Initiée par Annie et Max à leur retour de Tunis, l’habitude a été poursuivie par Eliane et sa famille à son retour de Nîmes. Puis Annie et Jean-Pierre partent à Béziers, en reviennent ; les quatre filles des soeurs Chemla grandissent, et les samedis continuent : la tablée s’accroît..

Les cousins et cousines, les oncles et tantes de tous les coins de France, savent que le samedi à midi, la famille est réunie : chacun prend donc l’habitude, qui de s’inviter sans prévenir, qui d’annoncer sa venue, qui de débarquer pour le café.

Le restaurant « chez Bob » est né : car Robert cuisine, il aime ça, il invente et la tablée de samedi sert de test, ses spécialités sont réputées. A sa mort, nous retrouverons des listes où il notait systématiquement le nom des invités, et le menu. Suzy sert, débarrasse, vaque, bavarde et prend des photos : ses albums gardent le souvenir de tous les invités du samedi ; sur ces photos, on a toujours la bouche pleine.

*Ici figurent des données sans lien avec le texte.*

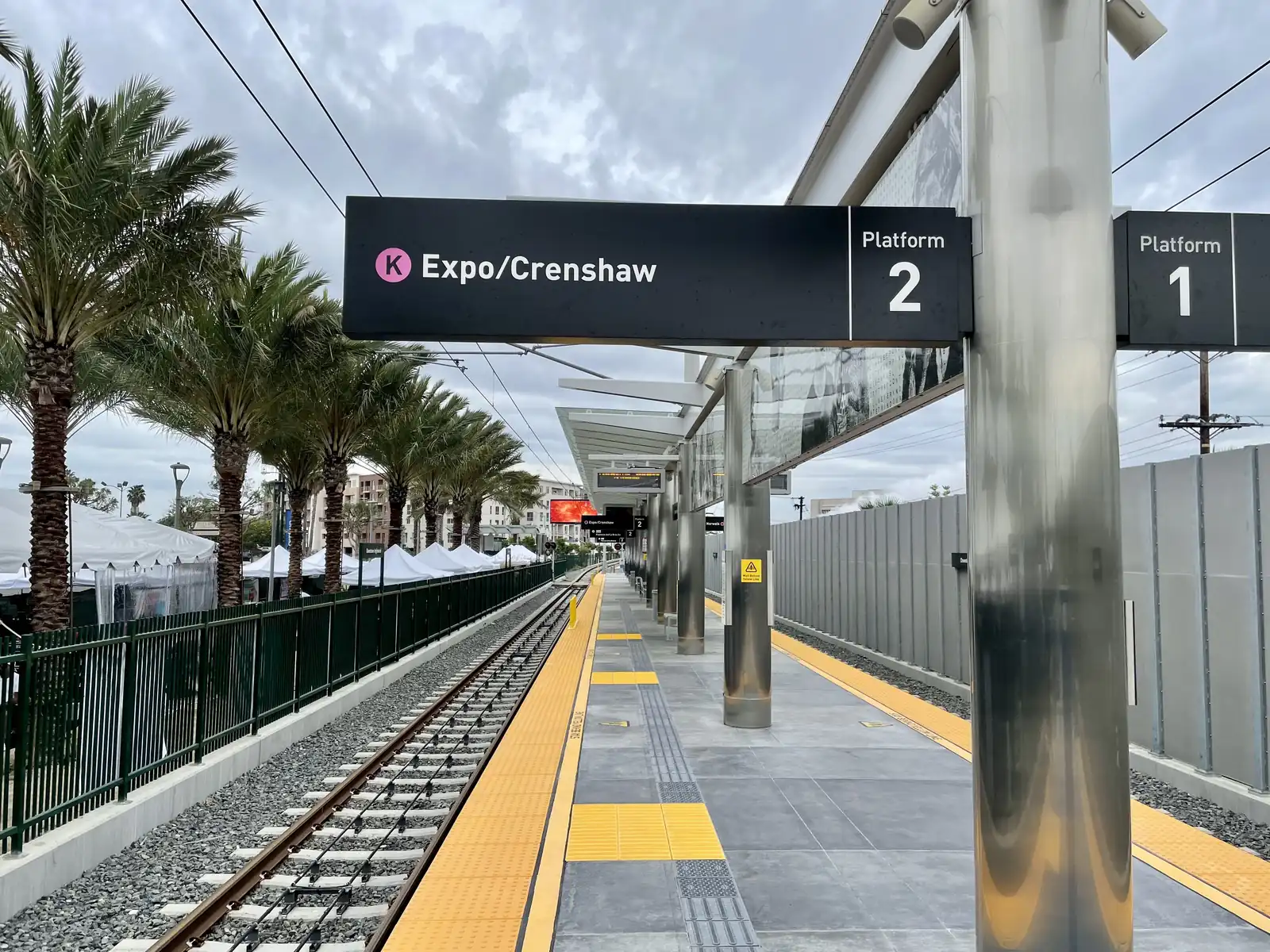 The platform at Downtown Inglewood station on the Metro K Line.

Tous nos amis ont participé, une fois ou souvent, aux déjeuners du samedi ; ce lieu de retrouvailles, bruyantes et gaies, pendant lesquels les discussions et récits pouvaient nous faire oublier de féliciter le cuisinier ; ces tablées trop denses où il fallait jouer des coudes pour atteindre son assiette, mais où les assiettes étaient toujours pleines et les plats délicieux.

On arrivait, on mettait les pieds sous la table ; puis, dès le café fini, on s’envolait jusqu’à la semaine prochaine, disant à peine au revoir. la semaine devenait l’intermède entre deux samedis, la conversation reprenait avec les présents, là où elle s’était arrêtée la semaine d’avant avec d’autres ; « et celle-là, au fait, je vous l’ai racontée ? »

Ce déjeuner du samedi était le symbole de cette famille : éclatée, diasporique, et cependant conservant le fil toujours solide des débats, des idées, des échanges.. et bien sûr, autour d’un plat copieux et généreux.

Robert nous a quitté à plus de 90 ans ; presque impotent, jamais il n’a voulu cesser de cuisiner, pour réunir cette joyeuse bande autour de lui, pour que la vie passe toujours, le samedi midi, par sa table.